# TASK TO COMPLETE
Output word for word the lines from the one with "1994 Ford Bronco" to the final line of the data, both ends included, but skip the pictures.

# Short web captions
══════

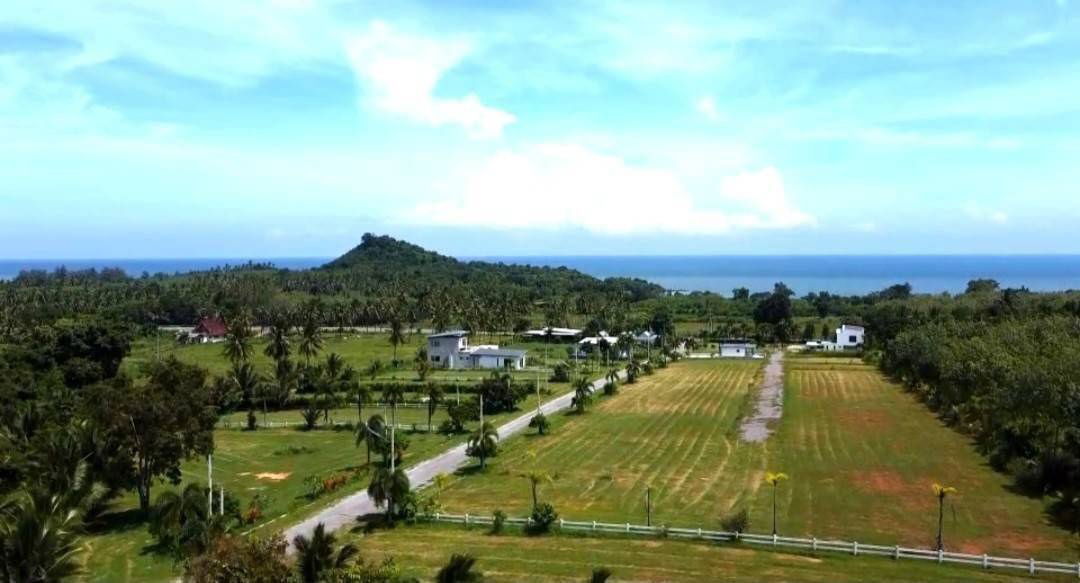 picture  Ang Thong, Thap Sakae District, Prachuap Khiri Khan Province, 91-114-141 sq m, 16,900per sq m, 10% contract, 20,000-30,000 baht per month, 18 months,  - 9/23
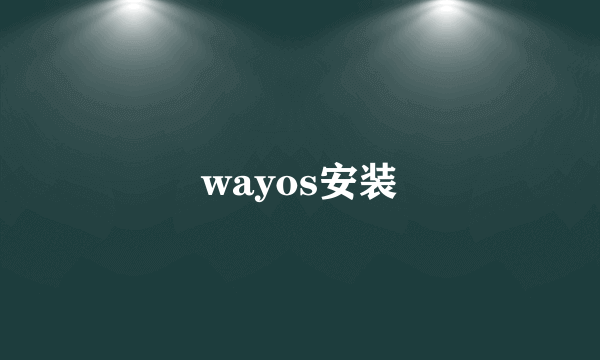wayos安装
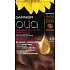 Garnier Olia Haarfarbe ohne Ammoniak 6.15 Eis hellbraun
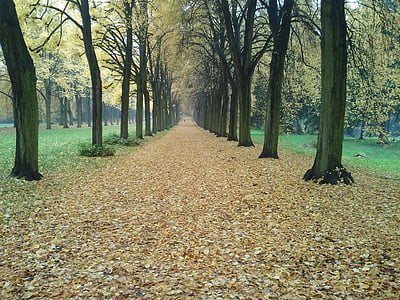 otoño, Potsdam, Sanssouci, Klausberg, lugares de interés, Castillo, Estado de ánimo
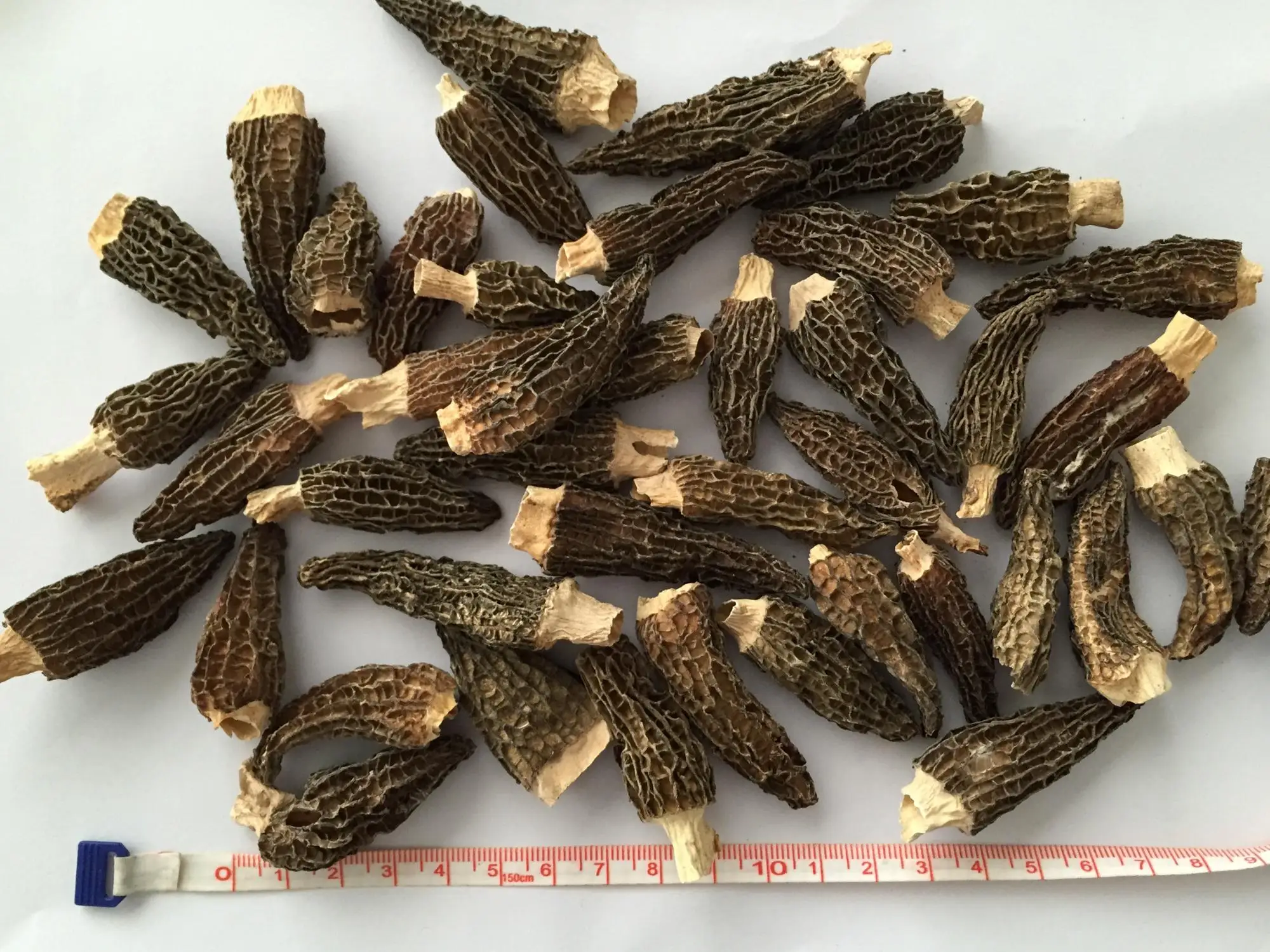 Detan Chinese Dried Wild Morel Mushrooms Buy Chinese Dried Wild Morel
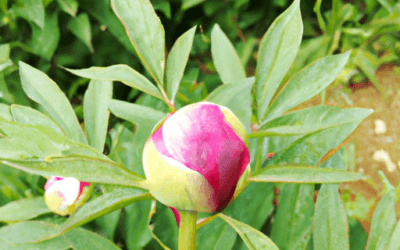 Peonia arbustiva: consigli agronomici – Agrimag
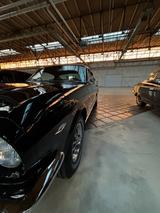 Ford 1965 Mustang Fastback neuer Motor 302 REAL CAR - Ford Mustang aus 1965: Fastback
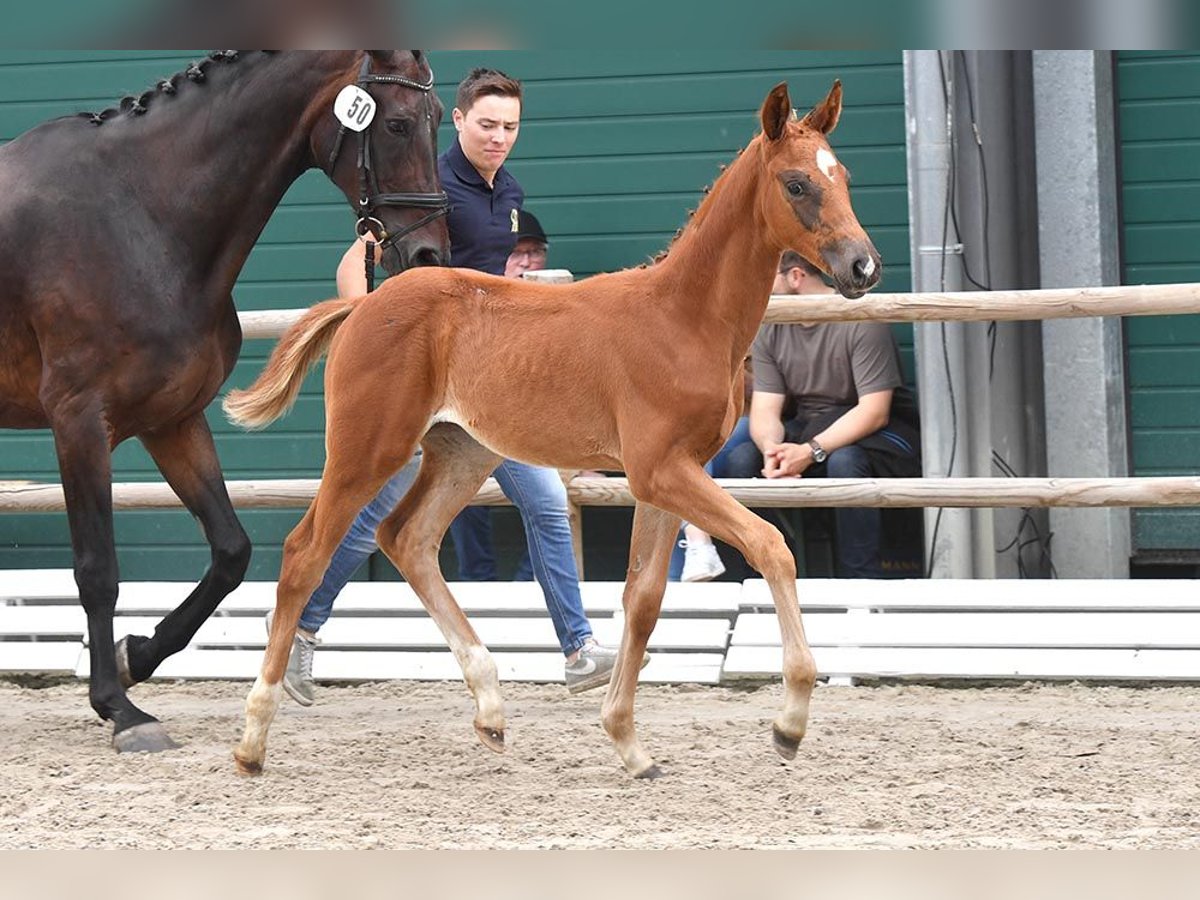 Oldenburg Mare 1 year in Freren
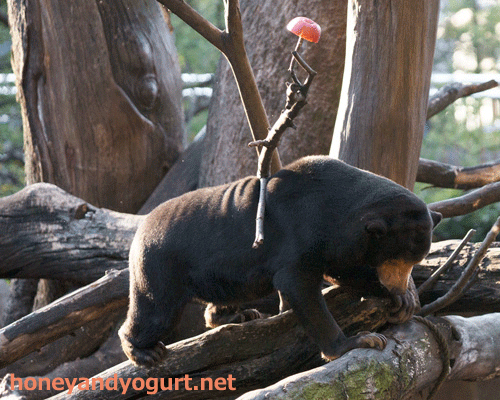 上野動物園 マレーグマ キョウコ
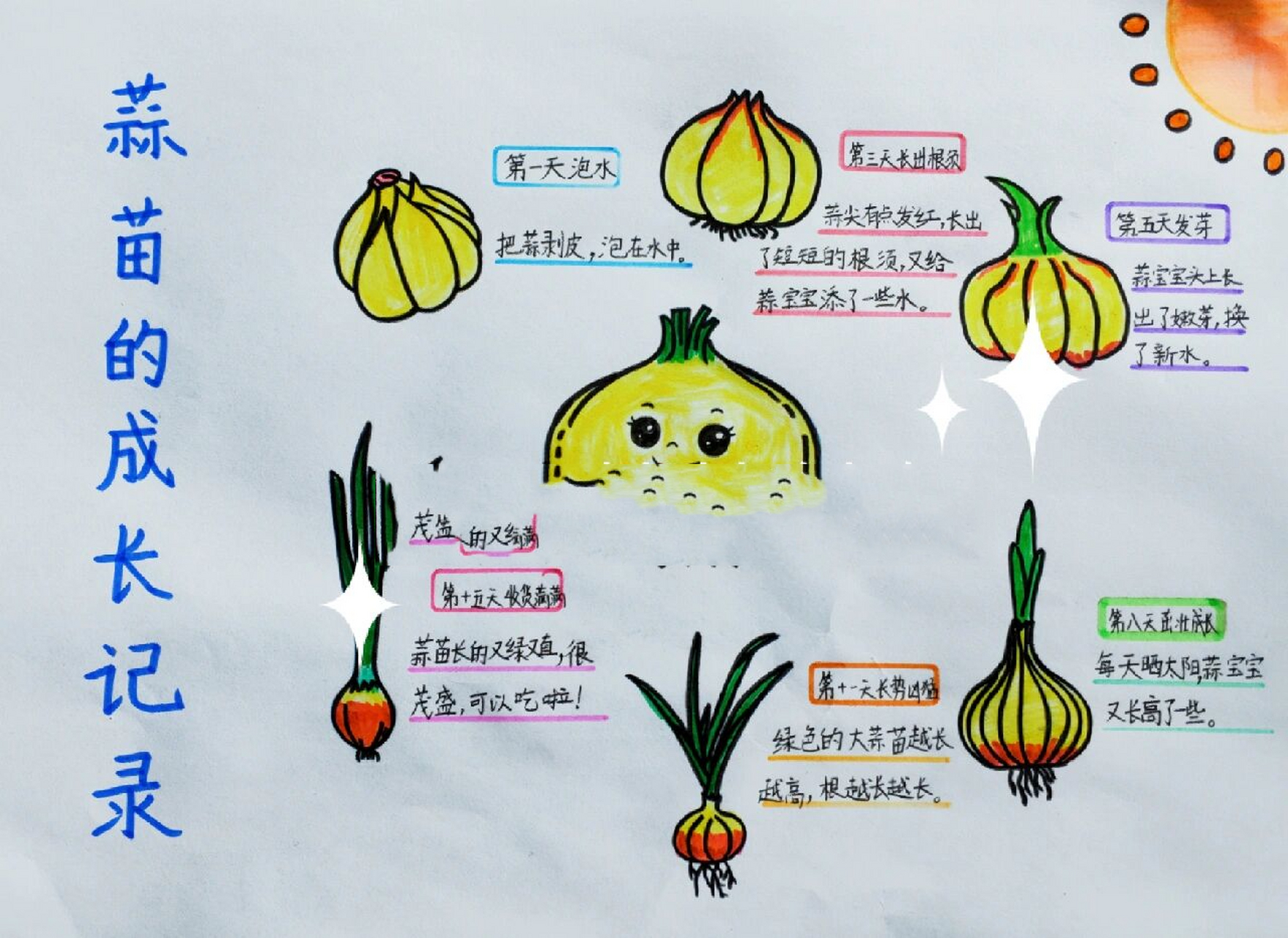 大蒜生长过程记录绘画图片
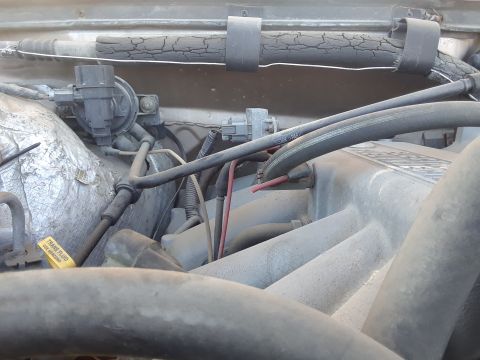 1994 Ford Bronco - Close-up view of engine bay components, including hoses and electrical connectors.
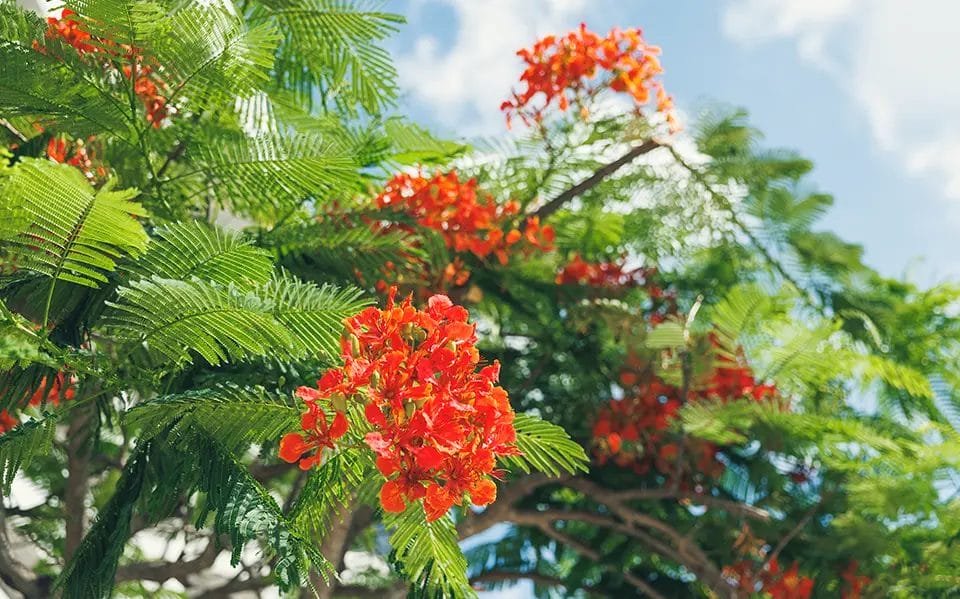 सुविधाजनक आवागमन और पार्किंग की सुविधा उपलब्ध है।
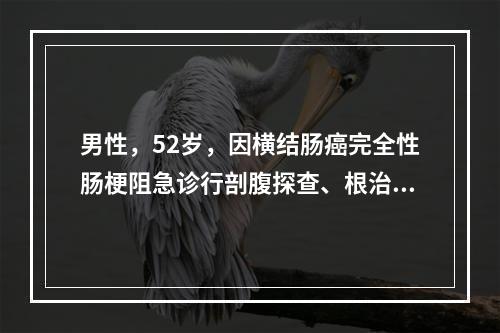 男性，52岁，因横结肠癌完全性肠梗阻急诊行剖腹探查、根治准备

══════

# RESPONSE TO THIS TASK
 1994 Ford Bronco - Close-up view of engine bay components, including hoses and electrical connectors.
 सुविधाजनक आवागमन और पार्किंग की सुविधा उपलब्ध है।
 男性，52岁，因横结肠癌完全性肠梗阻急诊行剖腹探查、根治准备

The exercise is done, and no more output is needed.